Friday, December 10, 2010

Minister blames delayed migration onto SSSS on lack of data

The Minister of Employment and Social Welfare, Mr Enoch Teye Mensah, has slammed some institutions in the public sector for the slow pace at which they are providing data to enable their employees to be migrated onto the Single Spine Salary Structure (SSSS).
He did not name the institutions involved but said the situation was leading to accusations that the government was deliberately slowing the process to defer the implementation date of the SSSS to next year.
Consequently, Mr Mensah said the ministry had planned to hold meetings with those institutions in the next few days to resolve the sticky points which were preventing them from providing the necessary data to fast-track the implementation process.
Speaking at his turn at the weekly meet-the-press series in Accra yesterday, the minister said the reluctance of those institutions to submit data for the migration was due to the fact that they did not have evidence of approval for some of the current allowances they were enjoying from the Ministry of Finance and Economic Planning.

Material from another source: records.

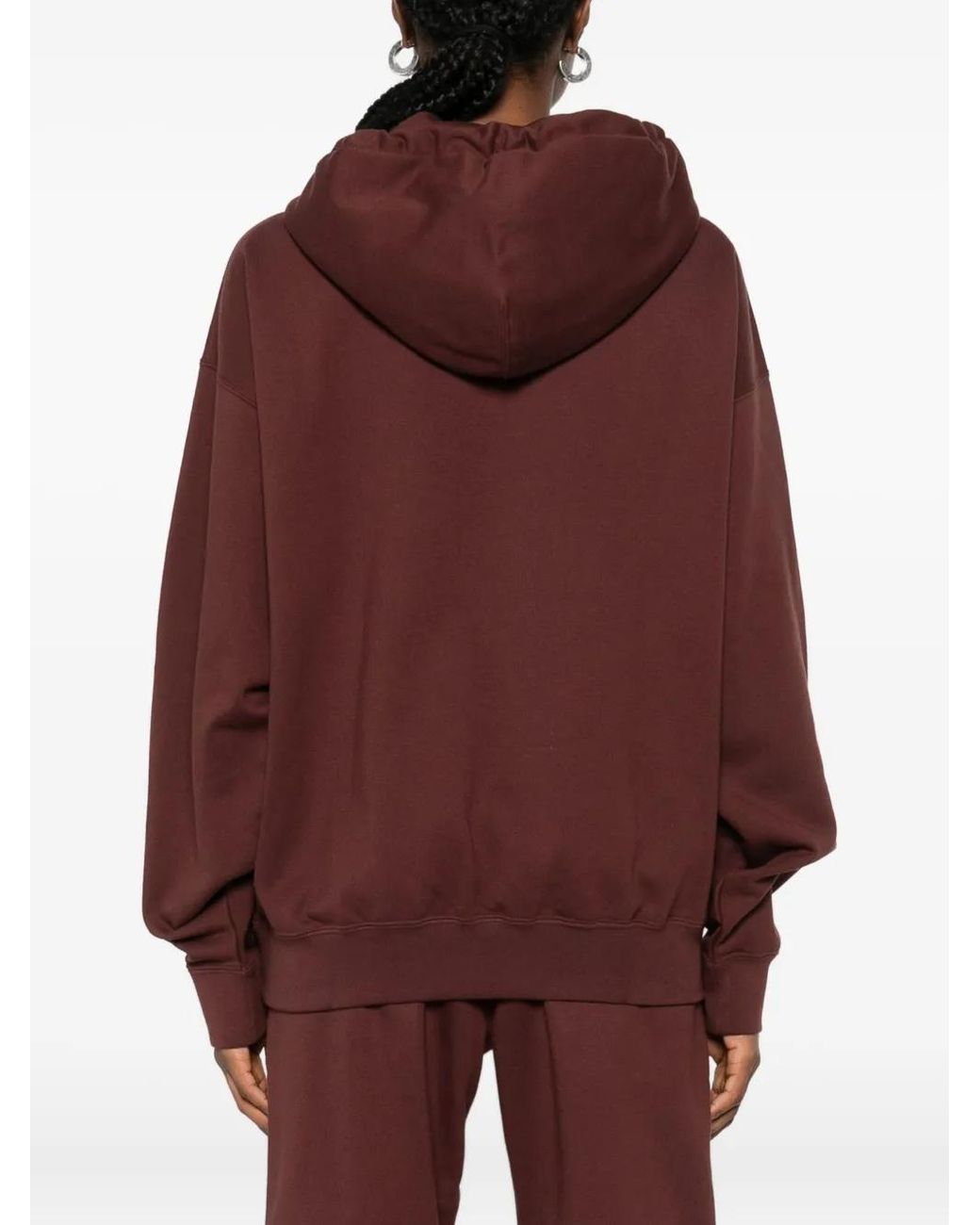 Y-3 Purple Logo-Print Hoodie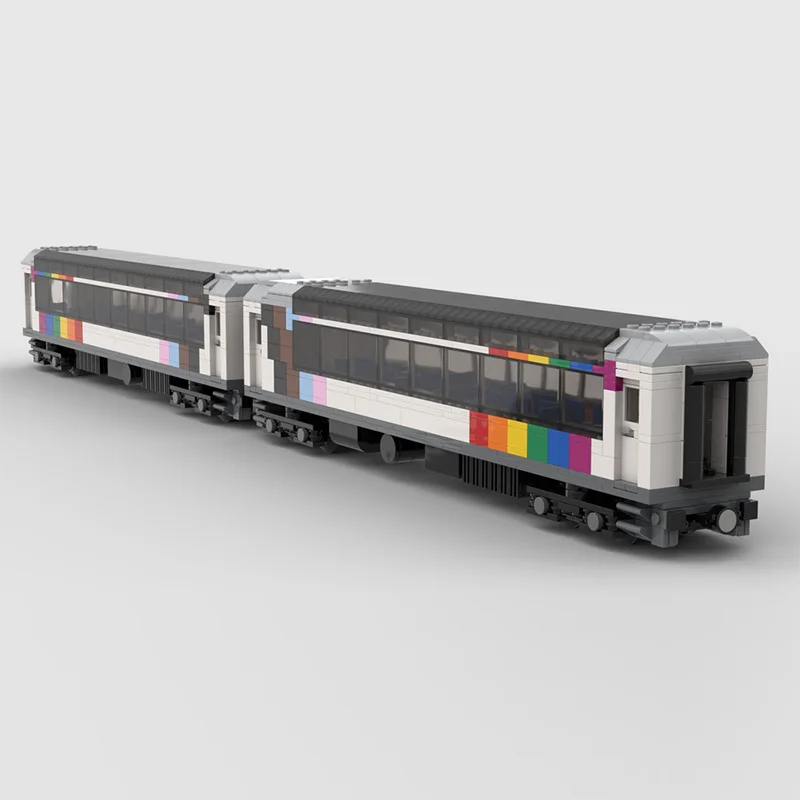 City Car Model MOC Building Bricks Railway Observation Cars Modular Technology Gifts Holiday Assemble Children Toys Suit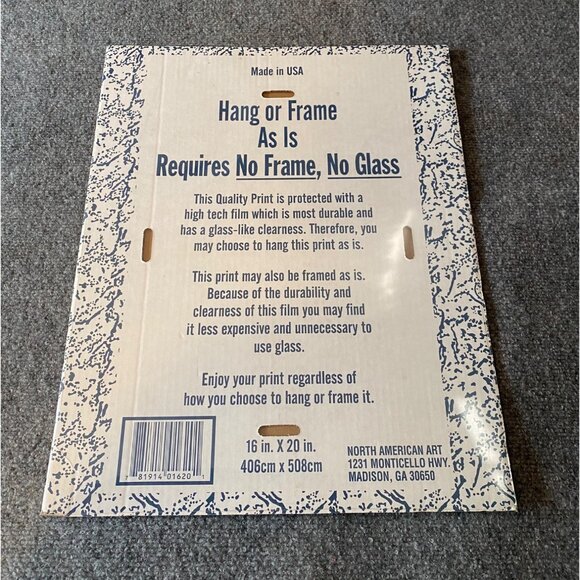 Floral Art Print By Karen Warren 16"‎ X 20" Hang Or Frame As Is botanical - Picture 6 of 7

He said another reason for that attitude was the unauthorised use of internally generated funds by some institutions to pay allowances not approved by the Ministry of Finance and Economic Planning and said some of the institutions feared that the disclosure of those unapproved allowances would lead to their withdrawal by the Fair Wages and Salaries Commission (FWSC).
Mr Mensah hinted that by the end of December, five more institutions, comprising the GRATIS Foundation, the Ghana Dance Ensemble, the Council for Scientific and Industrial Research (CSIR), civilian employees working with the Ghana Armed Forces (GAF) and the Irrigation Company of Upper Region (ICOUR), would have been migrated onto the SSSS.
He said to meet the demands of the oil and gas industry, the Management Development and Productivity Institute (MDPI), as part of its mandate, had developed a training course for which 3,000 people had been registered to begin training by the first quarter of next year.
He pointed out that the institute would also run various Masters degree programmes in general management for public service officials, adding that through that programme, the institute intended to re-position itself as one of the training institutions providing relevant skills training and knowledge for public sector workers.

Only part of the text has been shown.